Festival of the Future City, Bath
Festival of the Future City, Bath ran from 19 to 21 October and was a collaborative and entertaining couple of day’s discussing topics and ideas about Bath’s architecture and future cities use and needs. Bath is a UNESCO world heritage city, and prides itself on being an independent, creative, unique and stylish city.
The theme of festival was to shape Bath’s future. Chaired discussions about master planning; improvements to infrastructure, housing and inner city developments was debated through presentations and panel discussions.
The programme began on Thursday 19 October with a walk led by Dr Amy Frost from Bath Preservation Trust with leading architecture writer and critic Owen Hatherley. Later, Stride Treglown opened the debate about what a Liveable City should look like and the audience was invited to comment on their top 3 things they would like to change about living in Bath.

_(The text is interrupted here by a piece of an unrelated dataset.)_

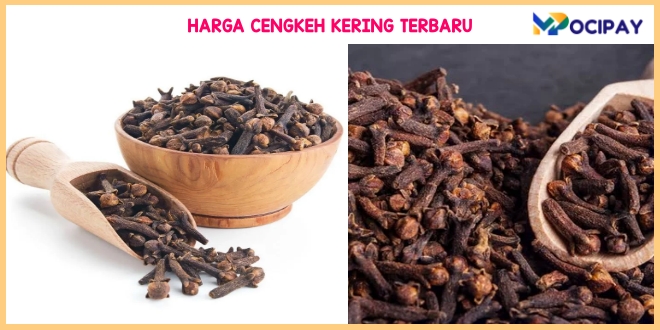 Harga Cengkeh Kering 2023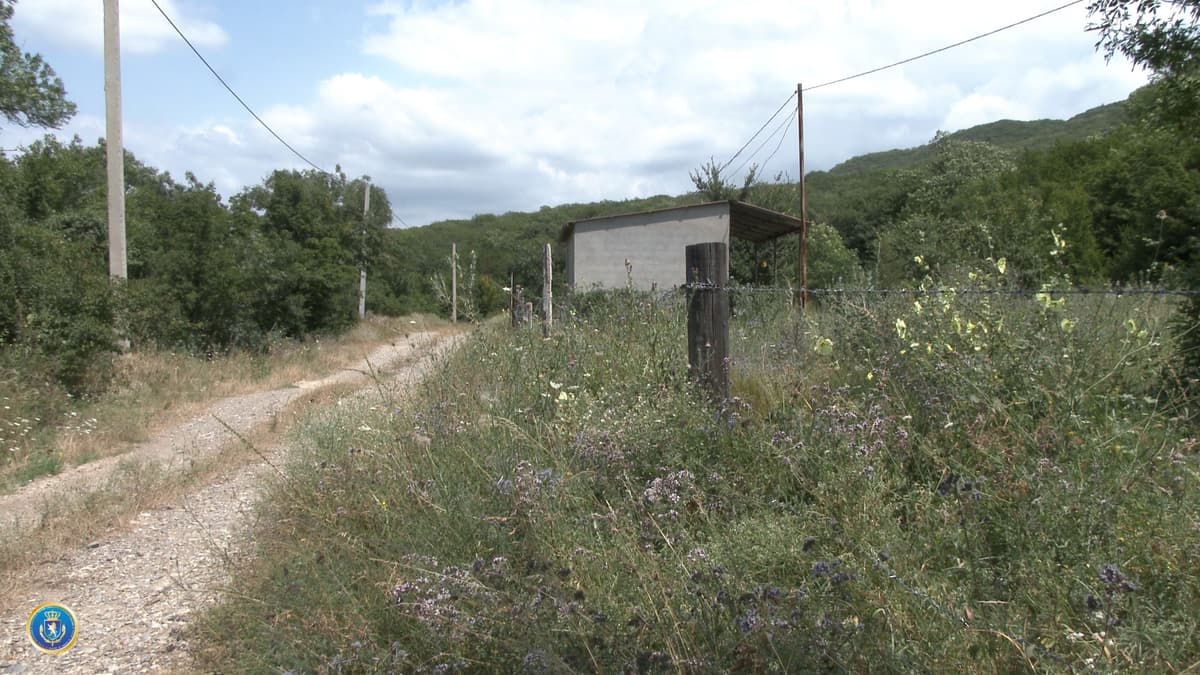 დიდი ოდენობით სახელმწიფო ქონების მოტყუებით დაუფლების ფაქტზე სამი პირი სისხლისსამართლებრივ პასუხისგებაში მისცეს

Day two was all about the city of Bath at the Assembly Rooms where the city model was relocated for 24 hours and some of the UK’s most recognised architects discussed preserving utopia and imagining the future of Bath; Alison Brooks, Roz Barr and Jim Heverin were amongst the participants.
The events at Assembly Rooms closed the Friday programme with a keynote lecture from passionate Bath resident and world leading story teller, Ken Loach.

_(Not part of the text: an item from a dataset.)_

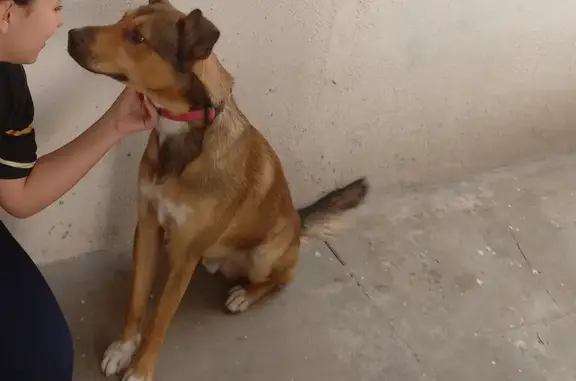 Perro Perdido: Café Claro con Manchas Blancas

On Saturday, the festival took on a more global feel and the younger generation were encouraged to take part in workshops arranged by The Edge Arts, at the University of Bath. The conversations came from leading thinkers and influences from surrounding architectural industries to discuss strategies for change employed by cities internationally.
Anna Minton explained the importance of learning from the past - keeping public spaces as public spaces, making privatisation a realistic proposition and building more social housing. Alex Vasudevan told us about the history of squatting and the importance of people needing housing and housing needing people. Justin McGuirk explained what had happened in some major cities in Latin America where money was sparse and people were plenty.
The very compelling ‘Artist in the City’, saw an all-female line up looked at alternative approaches to urban spaces and the relationship contemporary art plays in society. Melanie Manchot’s showed a film about a performing troop of artists in Newcastle, through the art of parkour and Rut Blees Luxemburg’s photography installation on dust, rust and decay was a critique of the city of London and a view of buildings normally overlooked. Gayle Chong Kwan’s exciting work in the community showed how art can a have a role on the aesthetic appearance of a place to evoke thought and engagement.The festival ran for 2 and half days, over 3 venues included 15 guest speakers, contained 25 events and over 800 visitors attended. Belinda Laws, one of the festival's attendees, appreciated the hard work involved in setting it all up:
'All the organisers have done a terrific job of coordinating the events, obtaining speakers of such a high calibre,' Belinda said. 'The event should be repeated annually and become a regular part of Bath's architectural calendar.'
The festival was in conjunction with Bristol ‘Festival of Ideas’ – which aimed to be the largest public debate about the future of cities – bringing together writers, artists, politicians, scientists, academics, journalists, filmmakers and others, exploring key issues for the future of our cities.
These issues included: how we can solve growing inequality and segregation, build healthy cities and places, foster sustainable cities and explore a future of devolved powers.